* [Records supplied]
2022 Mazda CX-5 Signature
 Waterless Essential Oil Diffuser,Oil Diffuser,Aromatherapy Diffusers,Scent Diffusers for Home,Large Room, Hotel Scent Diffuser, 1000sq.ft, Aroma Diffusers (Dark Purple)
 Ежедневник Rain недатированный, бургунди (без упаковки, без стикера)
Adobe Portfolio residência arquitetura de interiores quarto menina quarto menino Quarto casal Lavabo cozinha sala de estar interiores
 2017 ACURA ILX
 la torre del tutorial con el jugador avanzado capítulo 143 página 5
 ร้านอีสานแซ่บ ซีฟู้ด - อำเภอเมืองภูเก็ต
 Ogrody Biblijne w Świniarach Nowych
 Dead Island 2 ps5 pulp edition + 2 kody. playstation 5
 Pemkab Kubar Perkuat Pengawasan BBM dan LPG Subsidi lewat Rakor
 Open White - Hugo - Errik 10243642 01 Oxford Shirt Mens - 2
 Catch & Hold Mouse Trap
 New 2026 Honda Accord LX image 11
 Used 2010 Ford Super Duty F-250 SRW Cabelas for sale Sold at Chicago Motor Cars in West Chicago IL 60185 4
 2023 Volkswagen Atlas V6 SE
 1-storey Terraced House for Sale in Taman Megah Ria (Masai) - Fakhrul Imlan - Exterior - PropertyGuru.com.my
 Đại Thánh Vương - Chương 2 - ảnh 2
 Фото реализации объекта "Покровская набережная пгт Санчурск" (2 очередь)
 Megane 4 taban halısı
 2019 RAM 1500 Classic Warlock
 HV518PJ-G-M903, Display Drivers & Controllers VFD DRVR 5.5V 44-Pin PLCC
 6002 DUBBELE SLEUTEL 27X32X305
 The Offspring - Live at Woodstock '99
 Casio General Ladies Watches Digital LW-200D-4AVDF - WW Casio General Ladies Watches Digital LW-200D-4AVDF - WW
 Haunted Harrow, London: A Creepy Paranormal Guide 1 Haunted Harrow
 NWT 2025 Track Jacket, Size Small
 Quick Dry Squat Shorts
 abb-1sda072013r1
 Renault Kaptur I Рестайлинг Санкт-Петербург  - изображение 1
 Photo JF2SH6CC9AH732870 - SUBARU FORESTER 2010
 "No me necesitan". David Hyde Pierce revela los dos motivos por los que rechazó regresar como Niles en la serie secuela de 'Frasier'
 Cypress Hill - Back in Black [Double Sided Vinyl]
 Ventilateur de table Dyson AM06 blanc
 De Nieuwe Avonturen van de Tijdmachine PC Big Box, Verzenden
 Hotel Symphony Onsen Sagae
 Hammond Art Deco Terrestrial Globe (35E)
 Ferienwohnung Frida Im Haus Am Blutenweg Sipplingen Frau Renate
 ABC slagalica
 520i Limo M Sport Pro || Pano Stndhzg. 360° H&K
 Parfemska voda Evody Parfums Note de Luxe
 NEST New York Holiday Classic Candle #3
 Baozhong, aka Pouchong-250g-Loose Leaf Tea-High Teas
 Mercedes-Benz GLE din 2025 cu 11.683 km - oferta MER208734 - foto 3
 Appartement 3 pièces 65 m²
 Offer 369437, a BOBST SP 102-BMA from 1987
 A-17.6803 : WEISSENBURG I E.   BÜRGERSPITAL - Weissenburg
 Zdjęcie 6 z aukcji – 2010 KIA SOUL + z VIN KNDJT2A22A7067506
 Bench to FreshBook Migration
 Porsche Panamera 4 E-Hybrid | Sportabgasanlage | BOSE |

* [About this exercise] The reply should consist only of the line containing "Photo JF2SH6CC9AH732870 - SUBARU" and all lines after it in the listing above, reproduced exactly.

* [Your solution]
 Photo JF2SH6CC9AH732870 - SUBARU FORESTER 2010
 "No me necesitan". David Hyde Pierce revela los dos motivos por los que rechazó regresar como Niles en la serie secuela de 'Frasier'
 Cypress Hill - Back in Black [Double Sided Vinyl]
 Ventilateur de table Dyson AM06 blanc
 De Nieuwe Avonturen van de Tijdmachine PC Big Box, Verzenden
 Hotel Symphony Onsen Sagae
 Hammond Art Deco Terrestrial Globe (35E)
 Ferienwohnung Frida Im Haus Am Blutenweg Sipplingen Frau Renate
 ABC slagalica
 520i Limo M Sport Pro || Pano Stndhzg. 360° H&K
 Parfemska voda Evody Parfums Note de Luxe
 NEST New York Holiday Classic Candle #3
 Baozhong, aka Pouchong-250g-Loose Leaf Tea-High Teas
 Mercedes-Benz GLE din 2025 cu 11.683 km - oferta MER208734 - foto 3
 Appartement 3 pièces 65 m²
 Offer 369437, a BOBST SP 102-BMA from 1987
 A-17.6803 : WEISSENBURG I E.   BÜRGERSPITAL - Weissenburg
 Zdjęcie 6 z aukcji – 2010 KIA SOUL + z VIN KNDJT2A22A7067506
 Bench to FreshBook Migration
 Porsche Panamera 4 E-Hybrid | Sportabgasanlage | BOSE |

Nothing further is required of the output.